While on the surface it may seem logical that a City Council would want to name replacements of key personnel quickly so as not to leave a gap in leadership, it’s more important that the right people make it into such critical positions.

The city manager is the chief executive officer of the city, leading approximately 1,200 employees and an overall budget exceeding $800 million. In the private sector, a company this size would conduct a search for the best possible CEO who has the experience to lead the company successfully.

The board of directors of public companies also usually treat such moments as opportunities to take a fresh look at what direction the company needs to go and the culture that needs to be instilled in the next chapter of the organization’s history.
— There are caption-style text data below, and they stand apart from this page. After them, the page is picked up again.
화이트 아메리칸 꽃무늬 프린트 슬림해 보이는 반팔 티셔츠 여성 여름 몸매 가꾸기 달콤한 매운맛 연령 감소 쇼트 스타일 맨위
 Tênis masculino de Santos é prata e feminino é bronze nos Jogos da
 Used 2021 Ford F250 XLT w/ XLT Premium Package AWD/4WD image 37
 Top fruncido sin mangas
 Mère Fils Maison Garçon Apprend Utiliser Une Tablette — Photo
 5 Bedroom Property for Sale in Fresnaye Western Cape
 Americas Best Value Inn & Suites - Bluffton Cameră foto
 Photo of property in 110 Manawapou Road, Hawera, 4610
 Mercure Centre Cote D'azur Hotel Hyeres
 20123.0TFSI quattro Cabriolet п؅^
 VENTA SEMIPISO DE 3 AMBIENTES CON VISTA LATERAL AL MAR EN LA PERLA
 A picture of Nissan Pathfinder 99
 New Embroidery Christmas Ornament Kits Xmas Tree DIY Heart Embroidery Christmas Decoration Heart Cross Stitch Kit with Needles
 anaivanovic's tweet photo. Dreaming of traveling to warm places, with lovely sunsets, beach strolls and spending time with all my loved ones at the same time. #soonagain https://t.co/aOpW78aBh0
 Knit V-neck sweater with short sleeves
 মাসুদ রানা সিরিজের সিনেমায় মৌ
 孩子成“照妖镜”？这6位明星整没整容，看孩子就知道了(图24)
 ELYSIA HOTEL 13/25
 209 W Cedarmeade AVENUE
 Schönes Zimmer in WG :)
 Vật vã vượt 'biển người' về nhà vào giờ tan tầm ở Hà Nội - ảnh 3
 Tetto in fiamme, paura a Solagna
It puzzles me that Glendale’s equivalent of a board of directors, the City Council, would not treat this issue with the same sensitivity and an eye toward the city’s future. I’ll leave it to others to dissect the past performance of the current individuals in these positions. As a citizen, I’m more interested in the process our elected leaders employ in determining the most qualified individuals for positions that play a key role in our collective future.

In the case of the city manager, a search process must take the time to determine the selection criteria for the candidate we need. The process must be fair, consider internal and external candidates, invite the participation of public stakeholders and, above all, be transparent.

Sometimes there may be qualified successors within an organization, but that should not prevent an objective search process that ensures we’re getting the best candidate. This way, even if we do choose an internal candidate, we know they are the best.